_Exercise instructions:_
Please leave out pictures and print exactly the lines from the one that has "Cinema: Inocencia y" through the last line of the material below.

_Dataset section:_
--------------------------------------------------
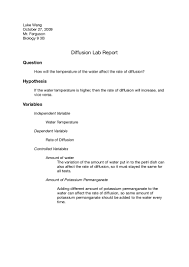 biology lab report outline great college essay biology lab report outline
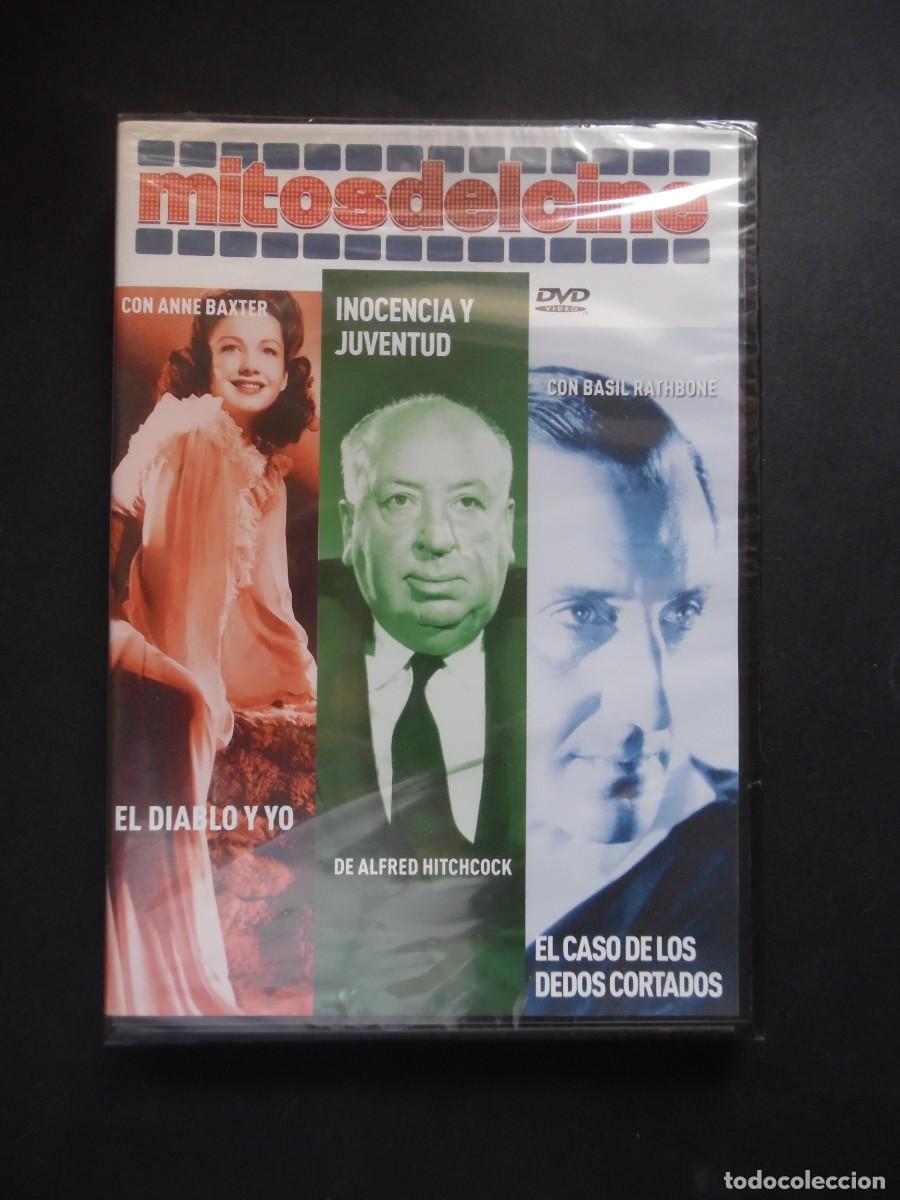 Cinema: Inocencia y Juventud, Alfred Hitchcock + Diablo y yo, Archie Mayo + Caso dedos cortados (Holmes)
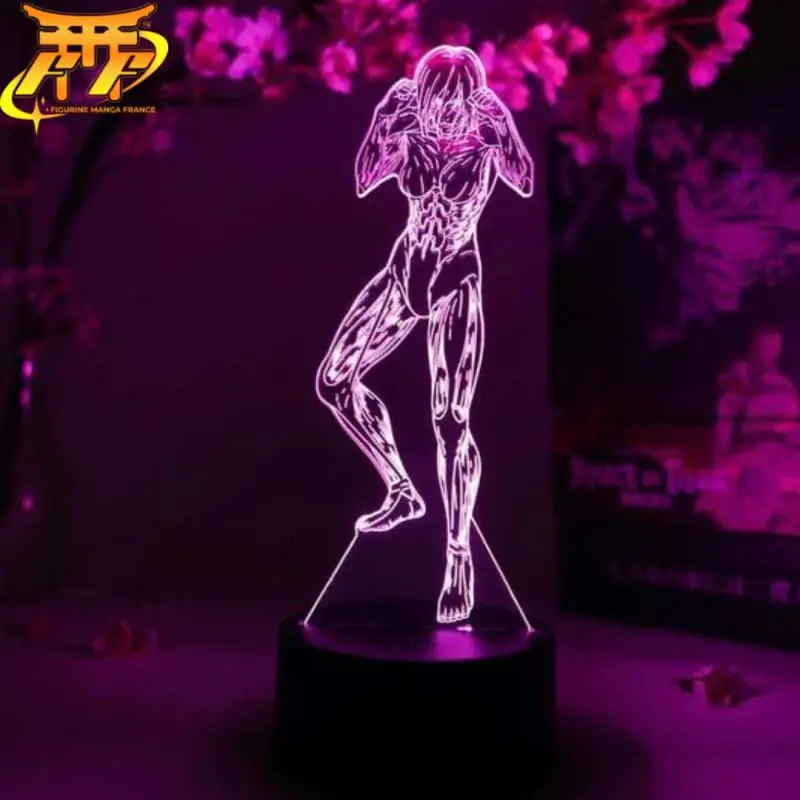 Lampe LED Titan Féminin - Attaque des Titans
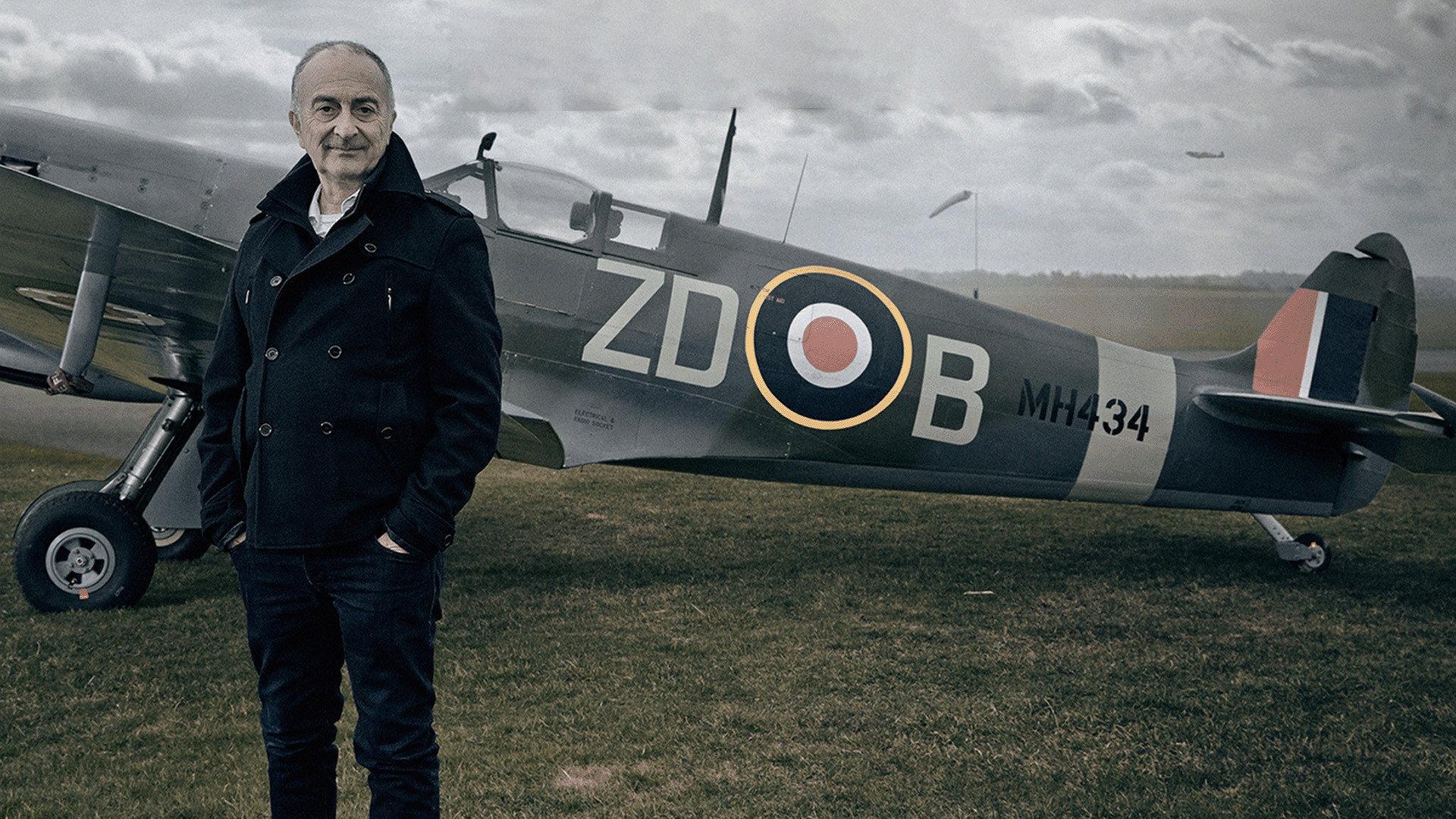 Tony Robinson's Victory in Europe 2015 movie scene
--------------------------------------------------
_Finished task:_
 Cinema: Inocencia y Juventud, Alfred Hitchcock + Diablo y yo, Archie Mayo + Caso dedos cortados (Holmes)
 Lampe LED Titan Féminin - Attaque des Titans
 Tony Robinson's Victory in Europe 2015 movie scene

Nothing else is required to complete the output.